Lattice: Generative Guardrails for Conversational Agents
Emily Broadhurst, Tawab Safi, Joseph Edell, Vashisht Ganesh, Karime Maamari
TL;DR
Lattice addresses the brittleness of static guardrails in deployed conversational AI by introducing a two-stage framework: construction, which builds an initial guardrail set from labeled data through iterative simulation, evaluation, and optimization, and continuous improvement, which autonomously adapts deployed guardrails via risk assessment, adversarial case expansion, and consolidation using prompted LLMs. The approach achieves strong holdout performance on ProsocialDialog, with $F_1$ reaching $0.91$ and a compact final guardrail set (6 rules) from 100 labeled examples, outperforming static baselines by up to $43$pp.

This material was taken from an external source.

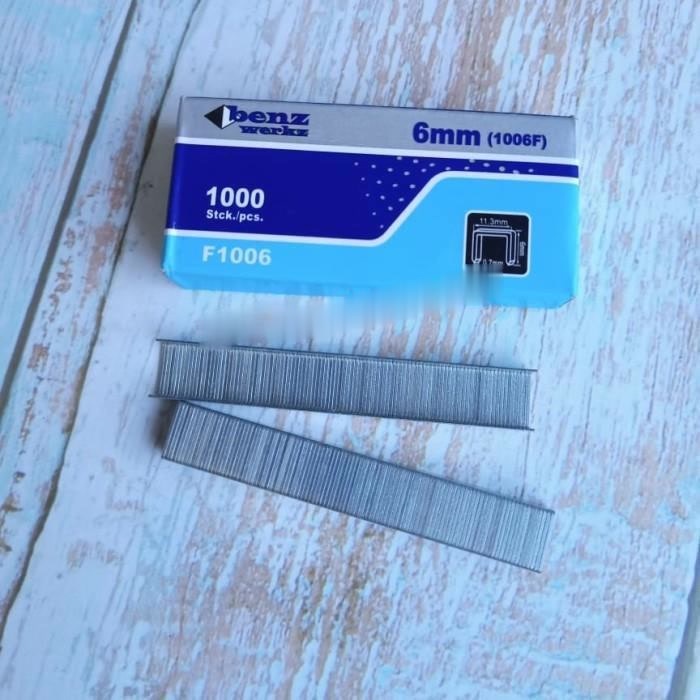 

Anak Hekter Staples Paku Tembak 1006F 6mm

In cross-domain settings, the continuous-improvement loop yields further gains (up to $+7$pp in $F_1$) by identifying gaps, generating adversarial variations, and updating policies without human intervention. The framework demonstrates a practical path toward resilient, scalable, auditable safety layers that adapt to shifting threats and contexts in real-world dialogue systems.
Abstract
Conversational AI systems require guardrails to prevent harmful outputs, yet existing approaches use static rules that cannot adapt to new threats or deployment contexts. We introduce Lattice, a framework for self-constructing and continuously improving guardrails. Lattice operates in two stages: construction builds initial guardrails from labeled examples through iterative simulation and optimization; continuous improvement autonomously adapts deployed guardrails through risk assessment, adversarial testing, and consolidation. Evaluated on the ProsocialDialog dataset, Lattice achieves 91% F1 on held-out data, outperforming keyword baselines by 43pp, LlamaGuard by 25pp, and NeMo by 4pp. The continuous improvement stage achieves 7pp F1 improvement on cross-domain data through closed-loop optimization. Our framework shows that effective guardrails can be self-constructed through iterative optimization.